Adım 3. Faktör Döndürme ve Yorumlama

Faktör sayıları belirlendiğinde, bir sonraki aşama onların yorumlanmasıdır. Bu işlemde yardımcı olmak için, faktörler döndürülür (Pallant, 2007). Bu döndürme, altında yatan anlamın açıklanmasını değiştirmez. Fakat bu döndürme, patern yükleme yorumlarını daha kolay şekilde yapılmasını temsil etmektedir (Tabachnick ve Fidell, 2006). SPSS, kendiliğinden bu faktörleri adlandıramaz ve yorumlayamaz (Pallant, 2007).

Döndürme işleminde, ilişkisiz (orthogonal) ve ilişkili (oblique) olmak üzere iki yaklaşım vardır (Pallant, 2007; Tabachnick ve Fidell, 2007). İlişkisiz döndürme, yorumlanması ve raporlaması daha kolay olan çözümleri sonuçlandırır. Ancak, kullanılan boyutların birbirinden bağımsız olduğu varsayılır. İlişkili döndürme, faktörlerin birbirleriyle ilişkili olmasına müsaade edilir. Ancak, yorumlanması ve raporlanması daha zordur (Tabachnick ve Fidell, 2007). Uygulamada, iki yaklaşım (orthgonal ve oblique) sık sık aynı sonuçları üretmektedir. Özellikle, maddeler arasında ilişki şekli nettir (Pallant, 2007; Tabachnick ve Fidell, 2007). Birçok araştırmacı, ilişkisiz (orthogonal) ve ilişkili (oblique) döndürmelerinin her ikisini kullanıp, sonra daha net ve kolay olanları yorumlayıp rapor hazırlarlar.
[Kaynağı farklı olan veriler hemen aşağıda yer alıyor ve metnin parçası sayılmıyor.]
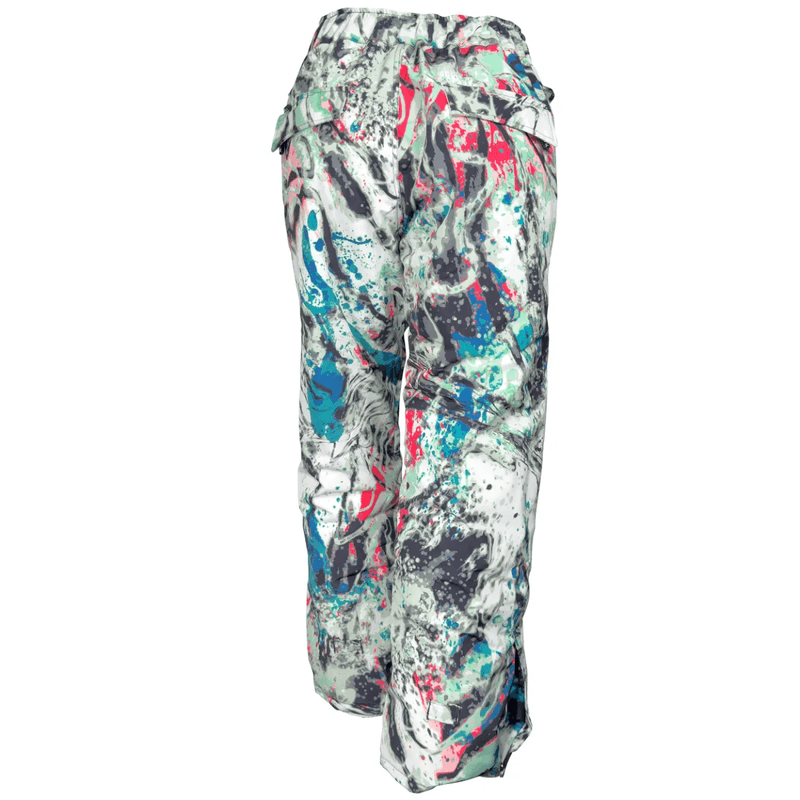Hurley-White-Out-Snow-Pant---Women-s-Multi-M-Regular.jpg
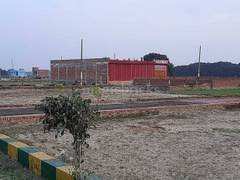400 Sq. Yards Residential Plot for Sale in Vishveshvariya Nagar, Jaipur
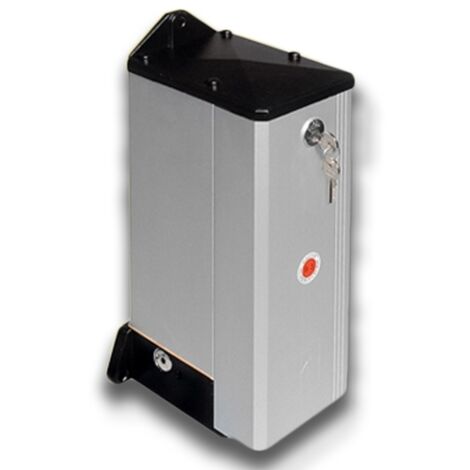 FADINI DRIVE 700 ESTRU 701L Reversible Hydraulikeinheit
Bu iki temel döndürme yaklaşımları içinde, SPSS tarafından sağlanan farklı birçok döndürme teknikleri vardır (Orthogonal: Varimax, Quartimax, Equamax; Oblique: Direct Oblimin, Promax). Pallant (2007) ve Tabachnick & Fidell (2007) tarafından tavsiye edildiği gibi, mevcut akademik çalışmada, her bir tek faktör üzerine olan yüksek yüklemelere sahip olan değişken sayılarını azaltmayı amaçlayan ve çok yaygın olarak kullanılan Varimax yöntemi (ilişkisiz yaklaşım: orthogonal) kullanılmıştır. Bu amaçla, önerilen faydalı yükleme (loading) kurallar şunlardır (Comfrey, 1973): ±0,71: mükemmel, ±0,63: çok iyi, ±0,55: iyi, ±0,50: orta, ve ±0,32: zayıf. Bu çalışmada, 0,4 altında olan yüklemeler göz ardı edilmiştir. Bunun nedeni, yüksek yüklemeler, faktörün neye ölçüldüğünü daha net sağlamaktadır (Rees, 1996).